Since we used consistent 60A wheels on this one, it was shooting much faster with only 1 motor compared to 2 motors, and it was also much more consistent into the amp. The only reason it wasn’t shooting into the amp perfectly was because we hadn’t set up the pivot motor yet so the angle was shaking around quite a bit. Tomorrow we will test the pivot point with a motor and we will also test shooting into the amp again.
For intake we put a wrap on prototyping because we were able to successfully test the pivot point, the wheels, and the feed system. For this prototype the wheels were much closer to the ground than the other one, which definitely help with intaking. However one thing that we saw was that the intake plate was a little too big and the note was just bouncing off of that instead of going into the wheels, so we will just make sure that the wheels are the first thing the Note can touch instead of the intake plates themselves.
Other than the slight problem we had with bouncing off the sides, intake is going very very smoothly and I anticipate that intake gets finished first compared to all the other subsystems. Intake has been working very well and very diligently this build season and I am so far very happy with the results which they have gotten.
For the trap subsystem, we’ve decided to end prototyping but we’ve also decided to put a pause on trap designing so that we can wait until the end of this week to see how the robot CAD turns out so that we can see if it’s something we can fit, since it’s very iffy at the moment. Also since we decided this is our last priority for the design, we want to wait to see if there are any other alternatives that don’t necessarily take up as much space as this one.
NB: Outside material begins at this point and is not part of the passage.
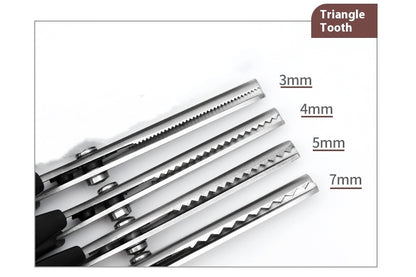 Triangle tooth blade chart showing zigzag pinking blades at 3 mm, 4 mm, 5 mm and 7 mm tooth pitch, the four shears in this set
For climber today we purchased a bunch of parts we needed for the WCP 3 stage telescope and we also got the dimensions we needed so that the climber would retract under two feet. When fully extended, the climber is able to go to 3.5 feet high and climb onto several other parts of the chain and not just the middle. We should also be able to finish climber mechanism by the end of this week and and easily mount it since it’s a relatively small subsystem.
For wiring we decided that we are going to put the battery at the back where the shooter is. Although we really wanted to put it in the center, we weren’t able to because of space limitations and because fitting the PDH and roborio would’ve been impossible with that configuration given that the battery needed space to slide into the middle. We got quite a bit of wiring done, and the rest of drive train wiring should be completed by tomorrow. That way we can test our swerve modules on this drive train and make sure that there’s nothing wrong with the new modules we purchased.
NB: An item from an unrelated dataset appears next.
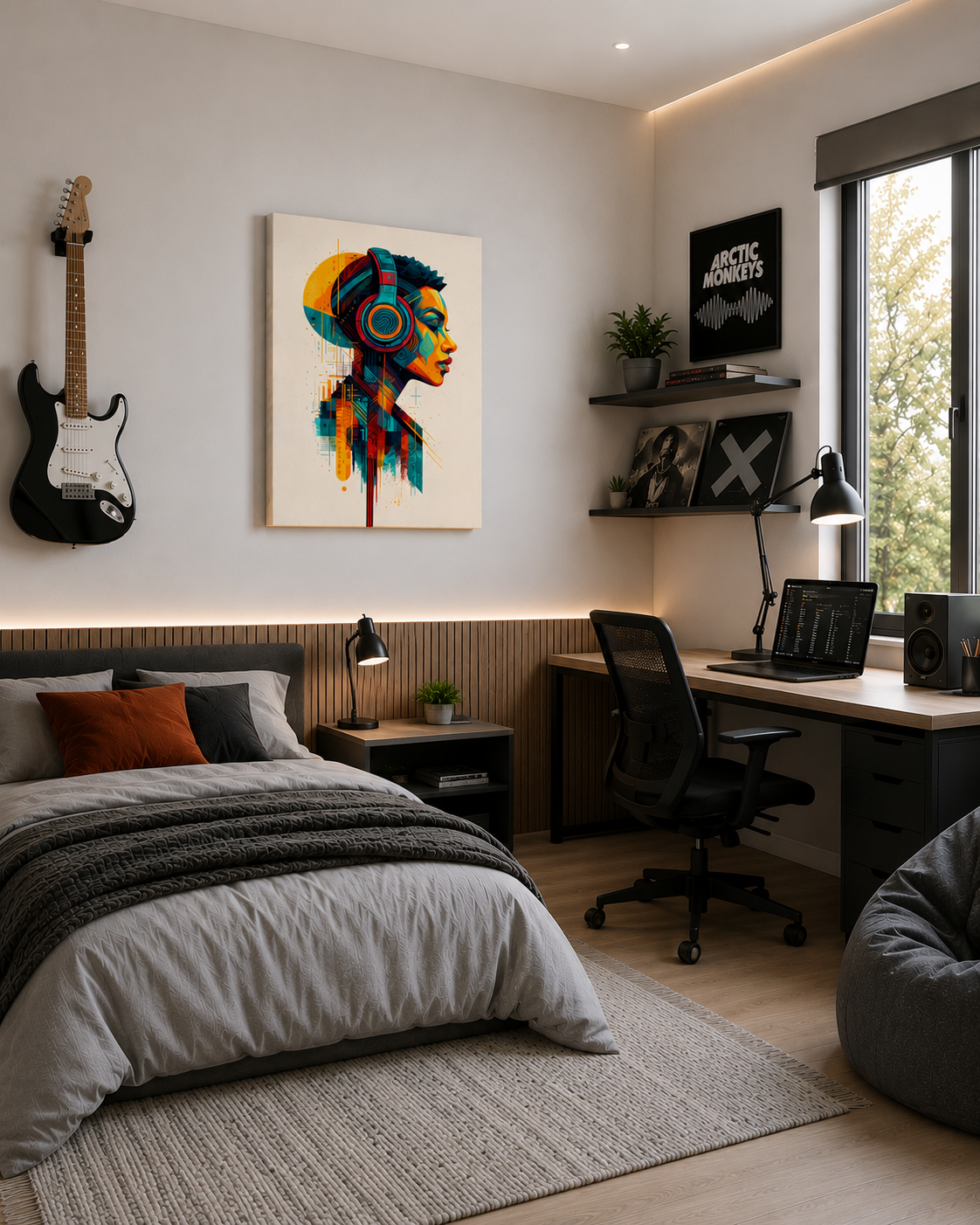 Colorful headphones canvas wall art above a modern bed in a music-inspired bedroom with guitar, workstation and soft natural lighting.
Today we were able to successfully get the new swerve code working with all the new firmware that came along with falcons for 2024, which means that we can start auton and april tag tuning much earlier than anticipated which is great news.
Overall today was a great day in terms of progress and we got lots done, we hope to be able to get just as much done tomorrow and get our wiring for the drive train done which will be huge.
As for build progress for this following week, we are planning on milling two crossbars to mount a lot of our stuff on and we are also planning on finishing the intake by the end of this week. We also worked on bumpers so that the intake can be situated on the bumpers right off the bat. Additionally we plan on milling climber bars and assembling that too by the end of this week, so hopefully all of that also gets done.